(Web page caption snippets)
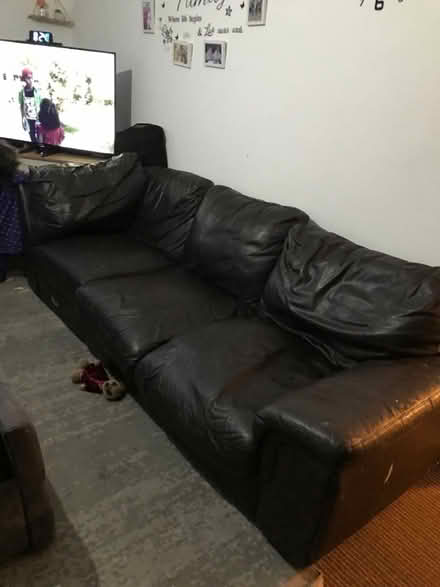 Photo of free leather sofa (De21) #4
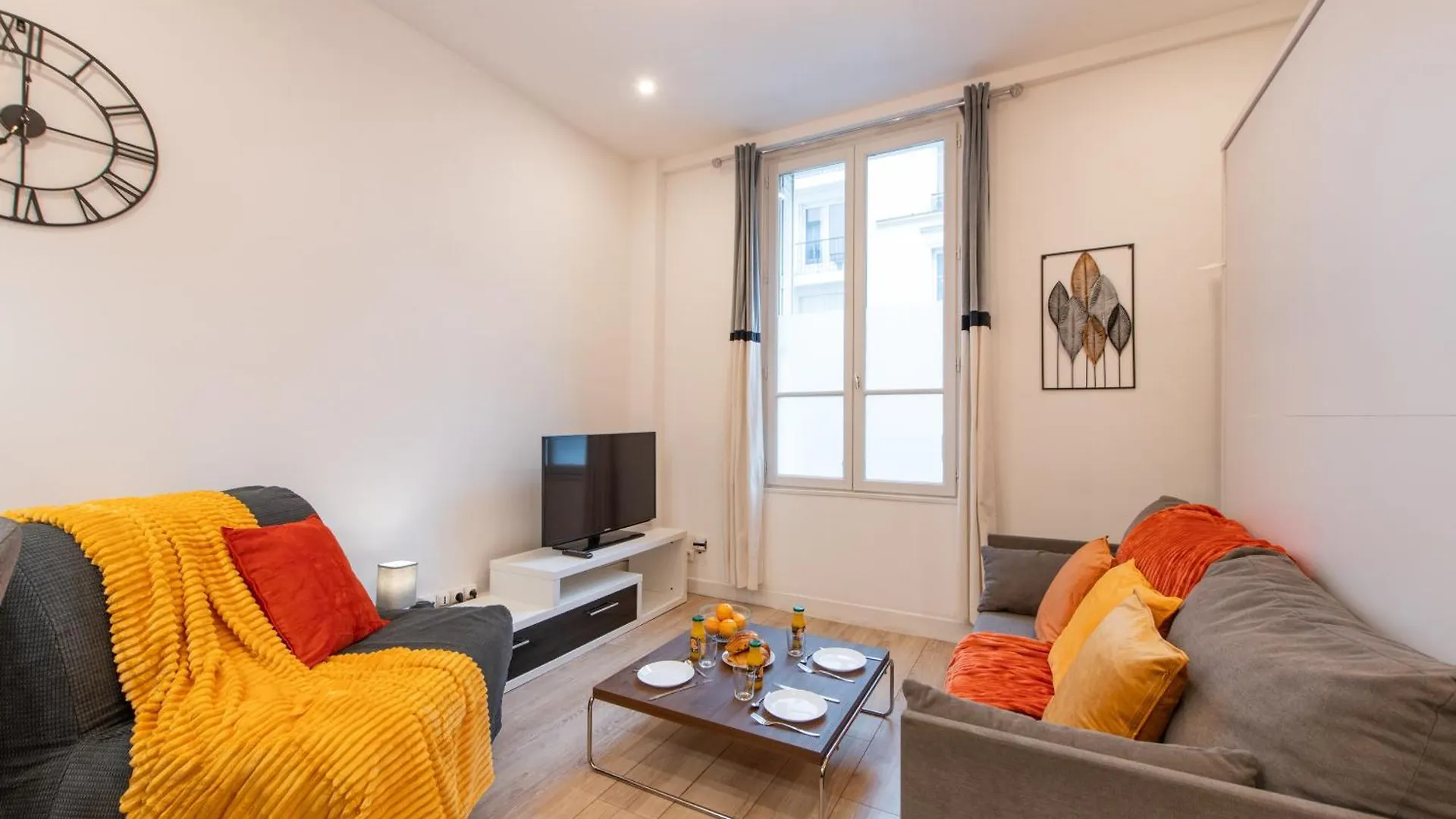 Cozy & Central Fully Equipped Studio 5 Min Walk To Metro, Montparnasse Neighbourhood Paris Apartment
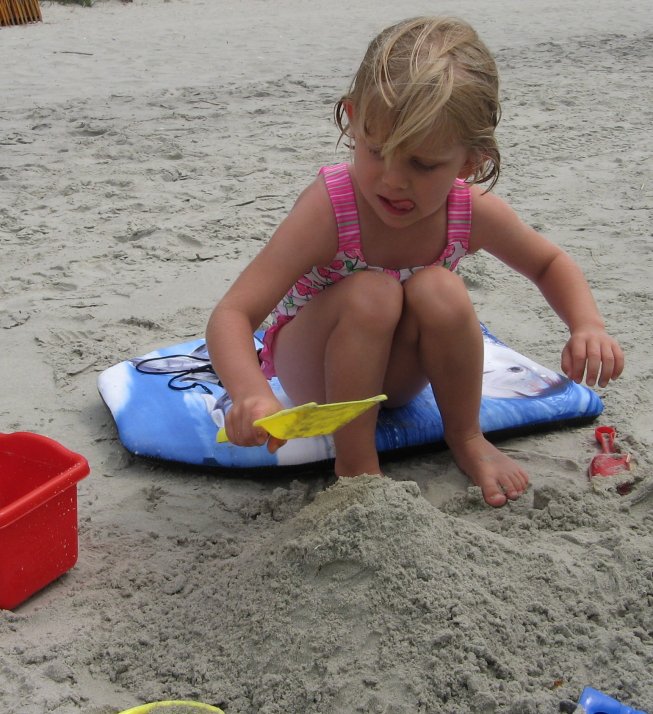 Frieda sandelt am Strand von Myrtle Beach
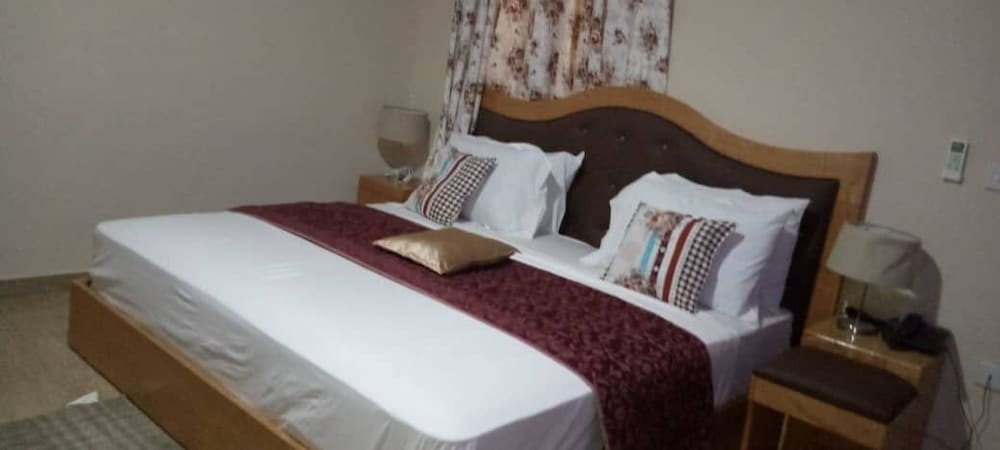 Mascot Hotel Ltd - last minute hotel in Accra
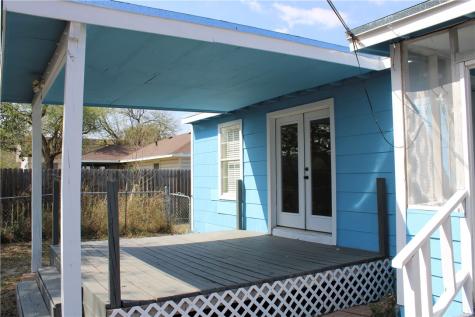 903 W Alice Avenue Kingsville TX 78363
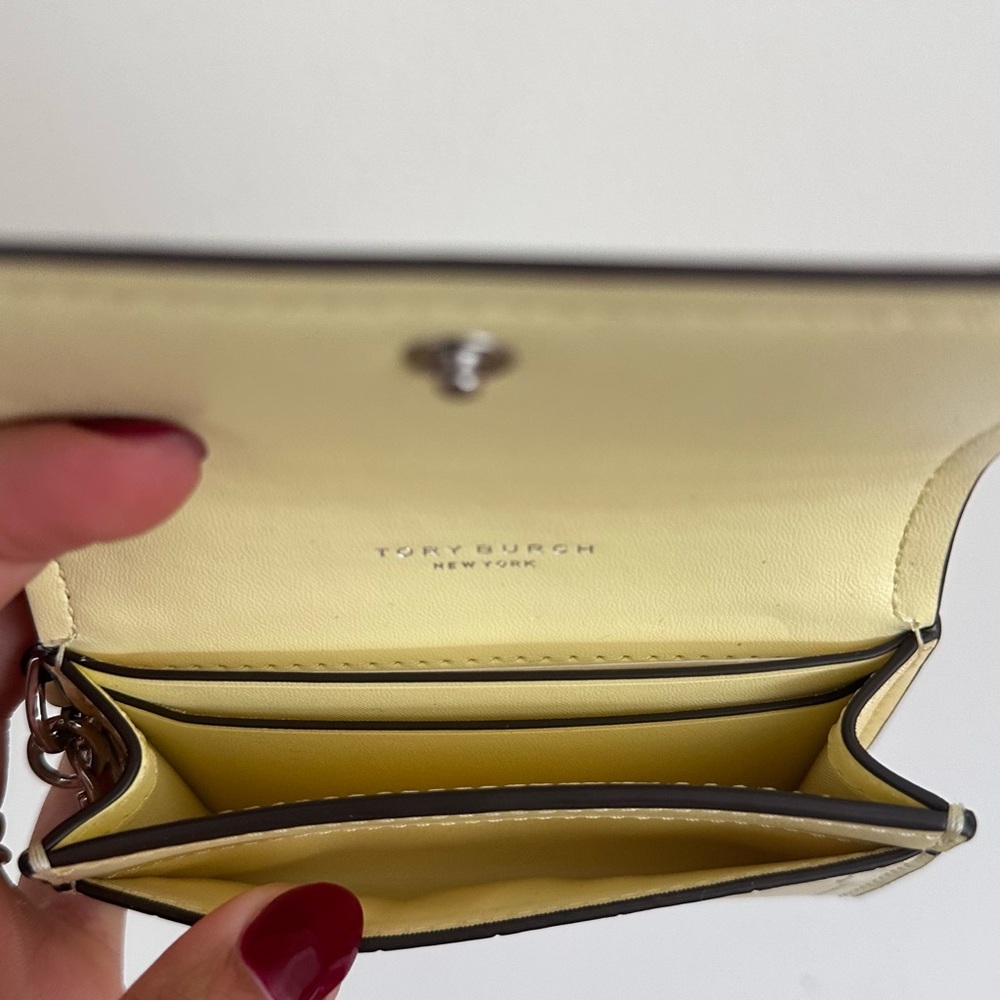 Tory Burch Cream wallet - Picture 6 of 6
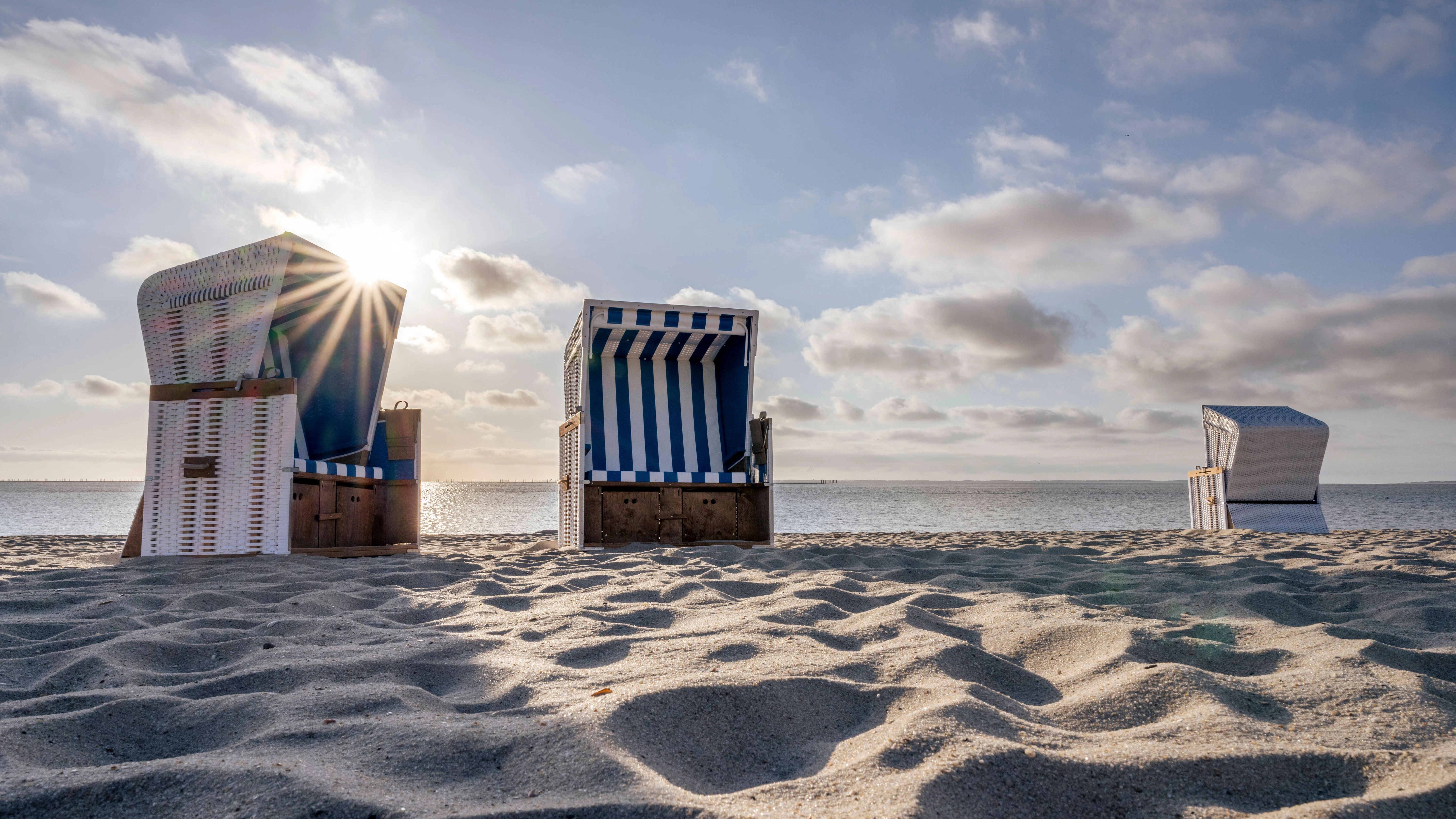 Sonne, weißer Sand, Schäfchenwolken: Der Strand von Sylt liegt 7,5 Regionalbahnstunden von Berlin entfernt.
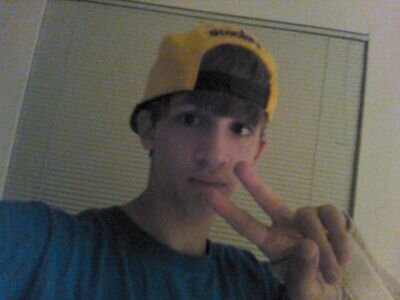 DoubleV00331122's profile picture. 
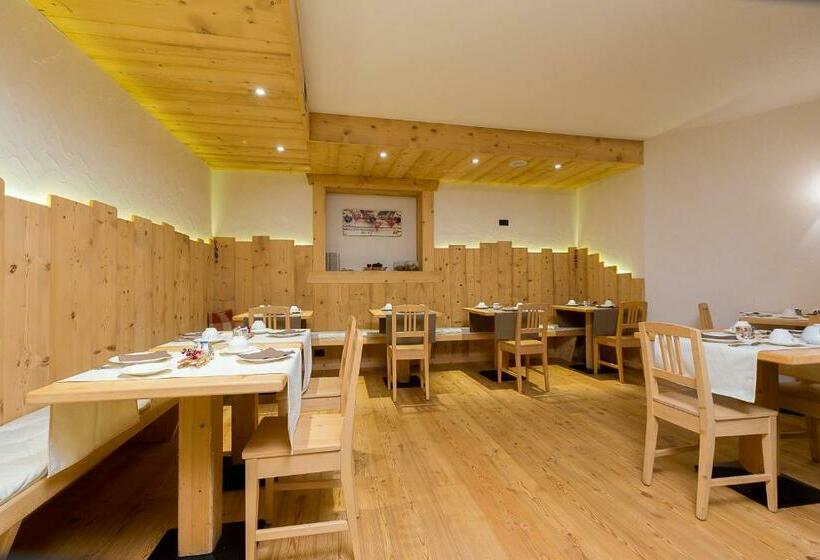Quarto Triplo Estandar, Champagne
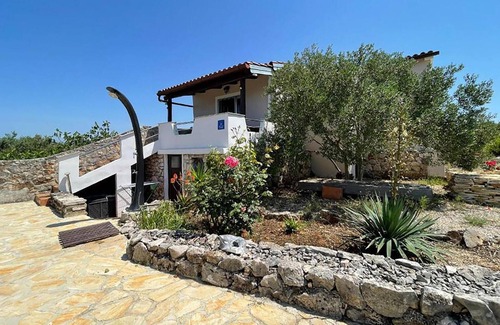 Island Dugi Otok House | Awesome home in Sali with WiFi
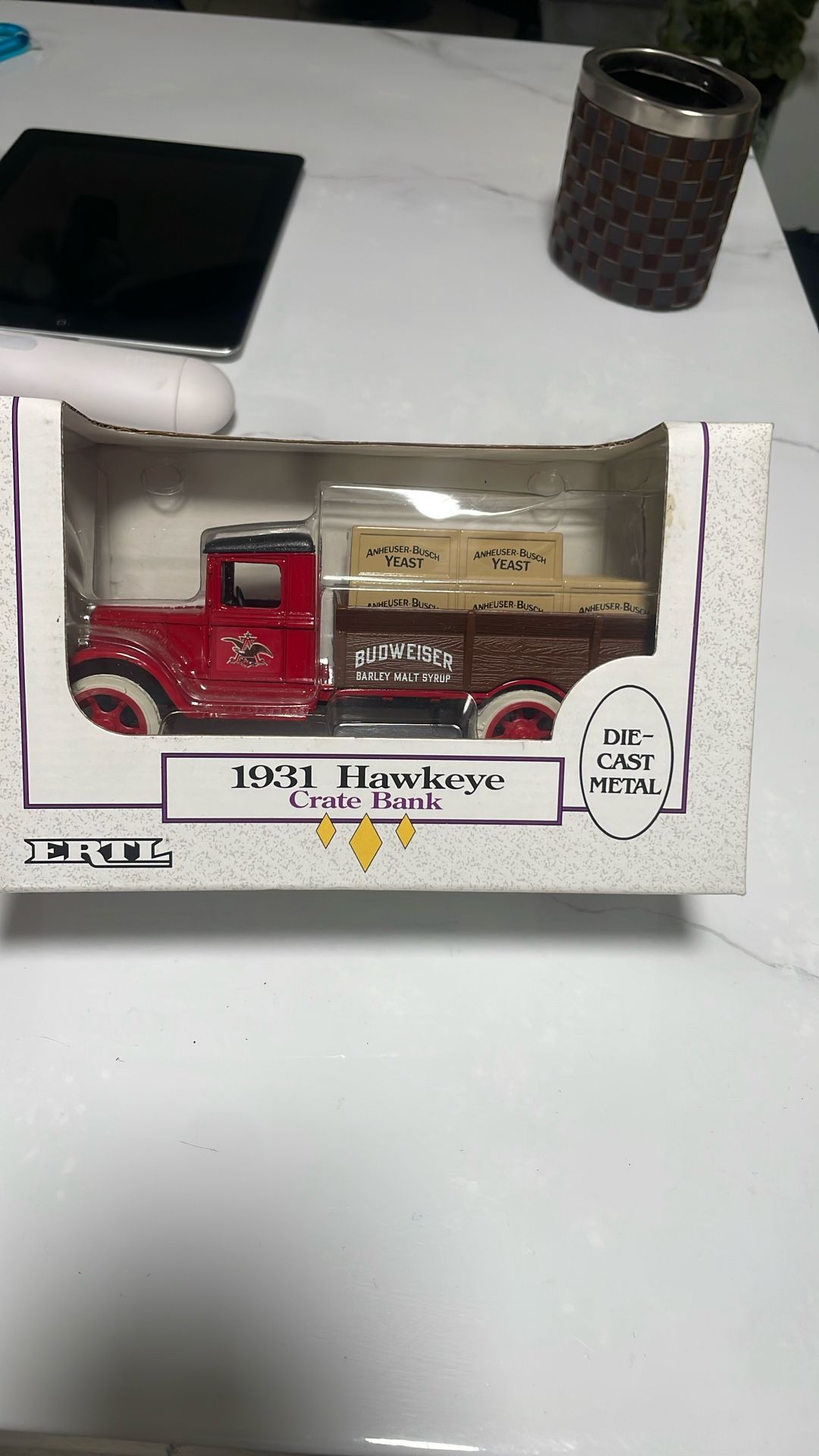 Budweiser 1931 Hawkeye Crate Bank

DESCRIPTION OF THE TASK
Starting at the line with "Cozy & Central", write out every line exactly through the final line of the records above, both included, and skip the pictures.

ANSWER SECTION
 Cozy & Central Fully Equipped Studio 5 Min Walk To Metro, Montparnasse Neighbourhood Paris Apartment
 Frieda sandelt am Strand von Myrtle Beach
 Mascot Hotel Ltd - last minute hotel in Accra
 903 W Alice Avenue Kingsville TX 78363
 Tory Burch Cream wallet - Picture 6 of 6
 Sonne, weißer Sand, Schäfchenwolken: Der Strand von Sylt liegt 7,5 Regionalbahnstunden von Berlin entfernt.
 DoubleV00331122's profile picture. 
Quarto Triplo Estandar, Champagne
 Island Dugi Otok House | Awesome home in Sali with WiFi
 Budweiser 1931 Hawkeye Crate Bank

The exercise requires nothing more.